So what’s the deal with Yoga? Some 36 million Americans now do it. It’s a 27 billion dollar industry. Those of us who practice it swear by it. Those who don’t, claim to admire it but doubt they could “do it”.
When I walked into the studio in 1999 after two years of private yoga study and told my teacher I had some news to share, he immediately and unflappably deadpanned, “You’re quitting your job and changing your career.” How did he know? “Because once in yoga so many people do.”
For me — the hard charging, goal-oriented healthcare exec — the adventure of doing something utterly solo, completely unjudged, intensely inward, and all about what you’re doing at the moment rather than where you’re heading in the end…. dug into my soul as well as my sinews.

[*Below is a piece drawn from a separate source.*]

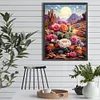 Desert Cactus Flower-Full Round Diamond Painting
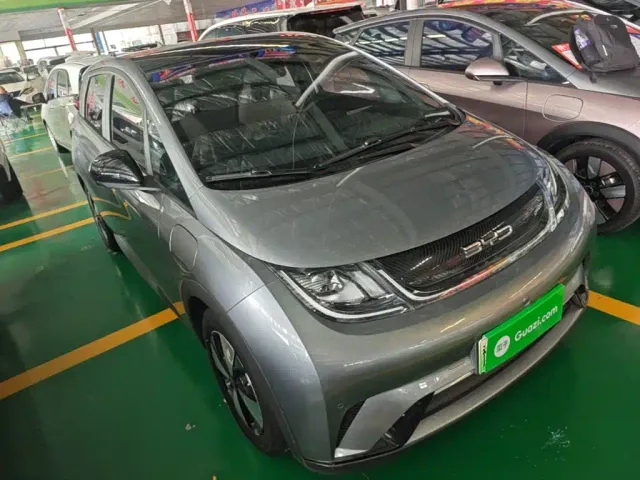 BYD Dolphin — Фото автомобиля 3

Seems when you’re not fixating on the issue you are fixated about, answers emerge. Your flaccid mind makes creative connections.
All the rage over mindful meditation (which really means mindless meditation) is different. That notes what’s happening around you without judgement. In yoga – and maybe golf!?? – you’re paying so much attention to your body – a small shift of your wrist changing the hinge of your shoulder – that it precludes any thoughts of bills to pay or bills in Congress.
For me, back then, it connected the relatively new thing called The Internet and my wish to change the face of aging. I can’t say it happened in lotus position or hero pose or at any moment on my mat. It’s like those sudden creative ideas you have standing in the shower when it’s been on too long, and you’ve zoned out.
I suddenly realized back in 1999 that if we could simplify the way to learn and use the Internet and email for those who need it most – the low income, less mobile elderly – wow. If they could gain the freedom to cyber travel (Peter Drucker said the Internet eliminates distance in 2001!) they would be on a more equal footing with everyone else, gain greater respect, have greater self-respect for having learned at new skill at an older age, and be more easily connected to family and friends.
Birth of Generations on Line. Now we’ve helped more than 100,000 elders in the U.S., Canada, England and Australia – stretching way beyond what we thought possible. Maybe that’s what it’s really all about.